O lado perverso disso é que
passamos a enxergar sentimentos naturais como falhas de sistema. Tristeza? É
sinal de que você não está se cuidando. Raiva? Precisa “trabalhar melhor isso”.
Tédio? Você não soube “aproveitar o tempo”. Mas a verdade é que essas coisas
sempre estiveram aí e sempre tiveram função. O tédio abre espaço para criar
algo novo. A raiva te empurra a mudar quando a apatia não dá conta. O luto te
dá um mergulho doloroso, mas inevitável, naquilo que mais importa. Cortar tudo
isso em nome de uma serenidade artificial não é equilíbrio, é mutilação
emocional.
Eu aprendi isso na prática, não
em livro de autoajuda.
Foi num rompimento que me
descobri capaz de reerguer do zero. Foi em crises de raiva que escrevi os
textos mais sinceros que já produzi. Foi no vazio de noites insones que percebi
onde estava errando. Nenhuma dessas coisas caberia num planner colorido.
Todas elas doeram. Mas foram elas que me moveram.
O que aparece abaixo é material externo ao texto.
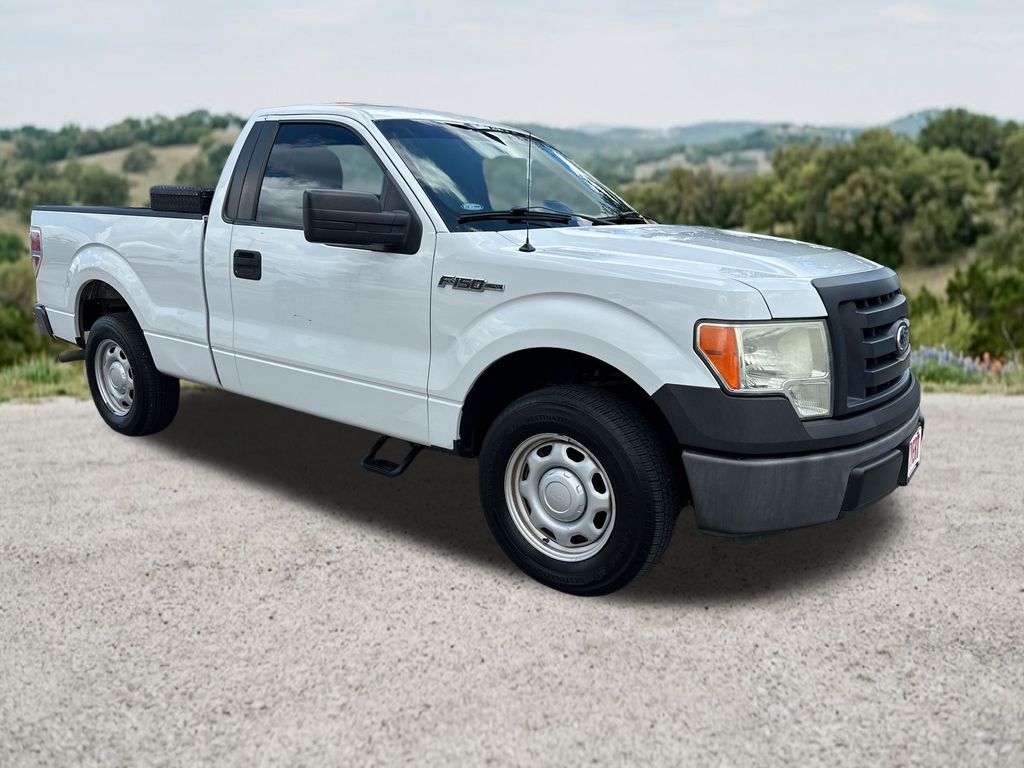 Used Car 2013 Ford F-150  Xl For Sale Under $12,000 In Austin, Texas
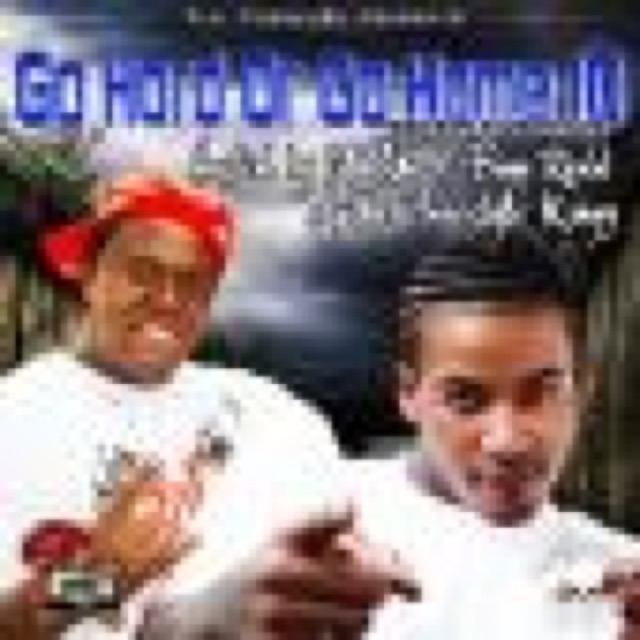 Go Hard or Go Home 10 Showin Naked Azz by Various Artists cover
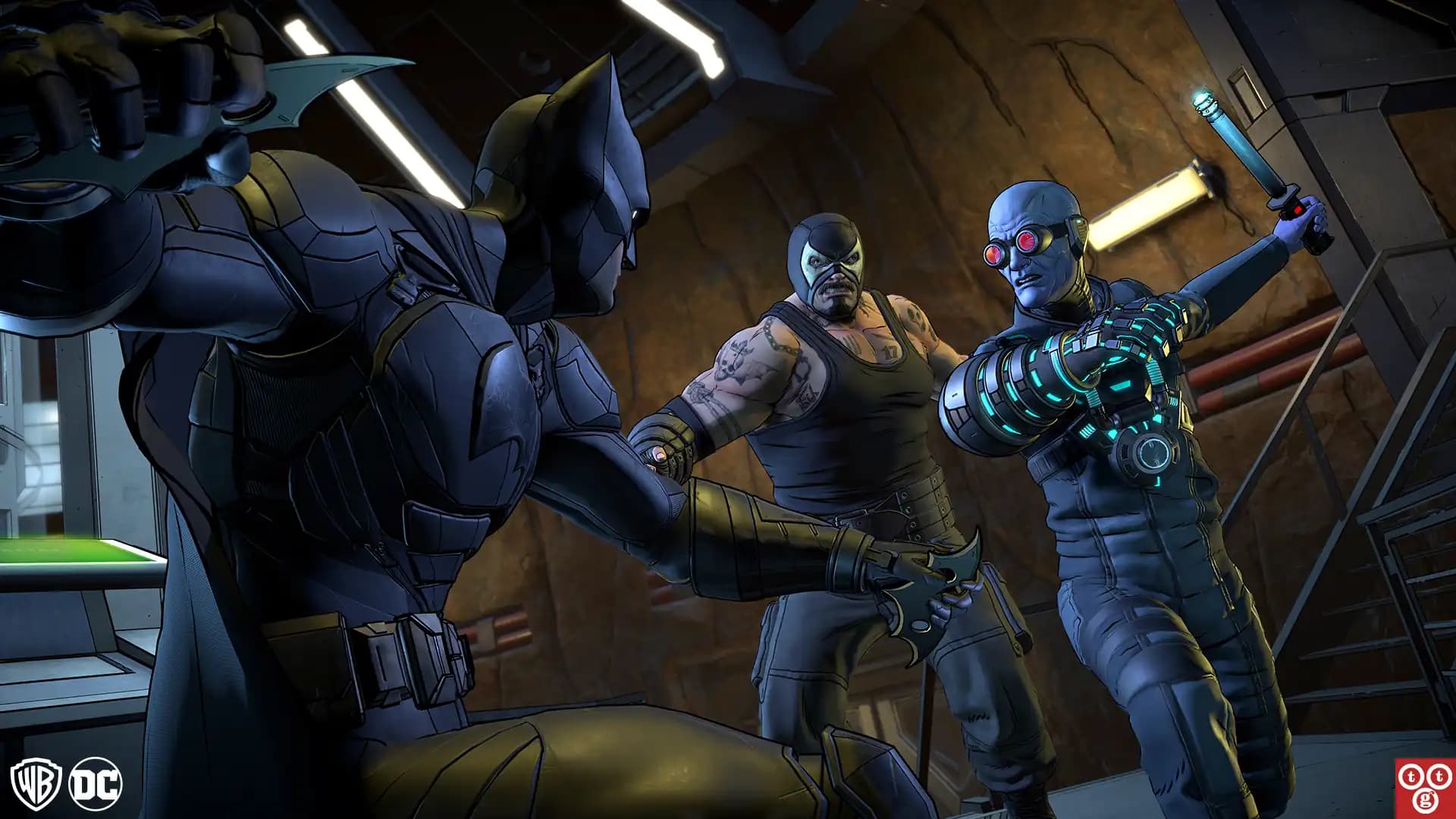 Batman: The Enemy Within - The Telltale Series media 2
O que me incomoda nesse culto ao
bem-estar é a fragilidade que ele gera. Quanto mais treinamos para viver
anestesiados, menos toleramos qualquer choque real. Pessoas desmoronam diante
de rejeições mínimas, de frustrações corriqueiras, de um “não” que deveria ser
só parte da vida. Criou-se um condicionamento de vidro: parece que estar vivo
de verdade virou defeito.
Não estou dizendo que sofrimento
é virtude, nem que precisamos buscar dor de propósito. Mas fugir de toda sombra
é infantil. O mundo não é um SPA. E insistir que felicidade constante é
possível só transforma todo mundo em consumidor culpado — porque sempre vai
faltar algo, sempre vai haver mais um passo de “autoaperfeiçoamento” a ser
comprado.
Então eu prefiro pensar o
contrário: talvez o que mais nos faça humanos seja justamente a falha. A raiva
que não controlamos. O luto que não conseguimos disfarçar. O tédio que nos faz
olhar para o teto e, sem querer, imaginar outro caminho. É disso que nascem as
mudanças que importam.
E você? Já caiu nessa armadilha
de parecer sempre bem, mesmo quando tudo gritava o contrário? Já viveu um
momento em que a dor foi mais transformadora do que qualquer calmaria? Ou
prefere não cutucar e deixar essas memórias guardadas, intactas, como se nunca
tivessem existido?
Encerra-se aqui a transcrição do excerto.